A geometric visualization of multiplication of a vector by a scalar is given in the following figure.

When $$\lambda =-1,\ \lambda \overline{a}=-\overline{a}$$, which is a vector having magnitude equal to the magnitude of $$\overline{a}$$ and direction opposite to that of the direction of $$\overline{a}$$.

Vector $$-\overline{a}$$ is called the negative (or additive inverse) of vector $$\overline{a}$$ .

$$\overline{a}+(-\overline{a})=\left( \overline{-a} \right)+\overline{a}=0$$.

Also, if $$\lambda =\frac{1}{\left| \overline{a} \right|}$$, provided $$\overline{a}\ne 0$$ i.e., $$\overline{a}$$ is not a null vector, then

$$\left| \lambda \overline{a} \right|=\left| \lambda \right|\left| \overline{a} \right|=\frac{1}{\left| \overline{a} \right|}\times \left| \overline{a} \right|=1$$.
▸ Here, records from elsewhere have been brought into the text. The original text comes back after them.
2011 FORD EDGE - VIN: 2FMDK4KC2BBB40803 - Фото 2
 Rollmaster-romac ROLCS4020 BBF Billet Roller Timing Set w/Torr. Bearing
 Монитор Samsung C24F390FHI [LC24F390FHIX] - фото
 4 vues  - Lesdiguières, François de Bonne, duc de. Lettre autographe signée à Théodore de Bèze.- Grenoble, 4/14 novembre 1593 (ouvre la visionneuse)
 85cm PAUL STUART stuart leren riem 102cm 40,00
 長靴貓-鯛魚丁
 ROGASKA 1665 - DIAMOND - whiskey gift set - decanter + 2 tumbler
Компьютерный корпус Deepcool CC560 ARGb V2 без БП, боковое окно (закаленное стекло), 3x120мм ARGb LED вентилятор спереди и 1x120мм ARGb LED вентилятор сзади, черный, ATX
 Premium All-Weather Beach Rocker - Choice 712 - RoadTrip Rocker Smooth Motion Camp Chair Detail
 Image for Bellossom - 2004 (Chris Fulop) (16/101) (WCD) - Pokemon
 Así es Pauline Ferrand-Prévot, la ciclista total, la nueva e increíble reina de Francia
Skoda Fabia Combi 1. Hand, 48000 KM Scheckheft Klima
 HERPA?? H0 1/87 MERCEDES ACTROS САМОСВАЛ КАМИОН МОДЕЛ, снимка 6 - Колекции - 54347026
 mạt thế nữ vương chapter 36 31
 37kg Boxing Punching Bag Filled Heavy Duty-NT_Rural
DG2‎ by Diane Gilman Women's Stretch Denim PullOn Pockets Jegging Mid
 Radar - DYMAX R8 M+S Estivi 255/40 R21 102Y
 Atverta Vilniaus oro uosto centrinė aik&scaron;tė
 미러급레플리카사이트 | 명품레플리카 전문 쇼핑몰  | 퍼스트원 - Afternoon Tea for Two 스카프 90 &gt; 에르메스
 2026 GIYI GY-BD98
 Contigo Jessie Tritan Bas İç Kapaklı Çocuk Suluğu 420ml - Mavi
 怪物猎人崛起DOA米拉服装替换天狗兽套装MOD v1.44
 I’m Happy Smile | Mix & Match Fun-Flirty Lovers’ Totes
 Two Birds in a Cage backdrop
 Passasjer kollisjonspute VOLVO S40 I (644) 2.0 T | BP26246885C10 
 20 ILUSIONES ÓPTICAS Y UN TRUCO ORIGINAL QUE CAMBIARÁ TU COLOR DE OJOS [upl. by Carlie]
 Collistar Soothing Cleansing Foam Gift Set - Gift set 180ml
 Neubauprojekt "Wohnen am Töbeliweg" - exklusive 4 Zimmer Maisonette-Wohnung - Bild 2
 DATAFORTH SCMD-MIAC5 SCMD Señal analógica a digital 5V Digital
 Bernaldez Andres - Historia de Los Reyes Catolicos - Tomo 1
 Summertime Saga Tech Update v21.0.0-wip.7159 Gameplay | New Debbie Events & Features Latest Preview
Example: Find a vector in the direction of vector $$5\overline{i}-\overline{j}+2\overline{k}$$ which has magnitude 8 units

Solution:

Given that $$5\overline{i}-\overline{j}+2\overline{k}$$,

Let $$\overline{a}=5\overline{i}-\overline{j}+2\overline{k}$$,

$$\left| \overline{a} \right|=\sqrt{{{5}^{2}}+{{(-1)}^{2}}+{{2}^{2}}}$$,

$$=\sqrt{25+1+4}=\sqrt{30}$$.

$$\widehat{a}=\frac{\overrightarrow{a}}{\left| \overrightarrow{a} \right|}$$,

$$=\frac{5\overline{i}-\overline{j}+2\overline{k}}{\sqrt{30}}$$.

Hence, the vector in the direction of vector $$5\overline{i}-\overline{j}+2\overline{k}$$ which has magnitude 8 units is given by

$$8\widehat{a}=8\left( \frac{5\overline{i}-\overline{j}+2\overline{k}}{\sqrt{30}} \right)$$,

$$=\frac{40}{\sqrt{30}}\overline{i}-\frac{8}{\sqrt{30}}\overline{j}+\frac{16}{\sqrt{30}}\overline{k}$$.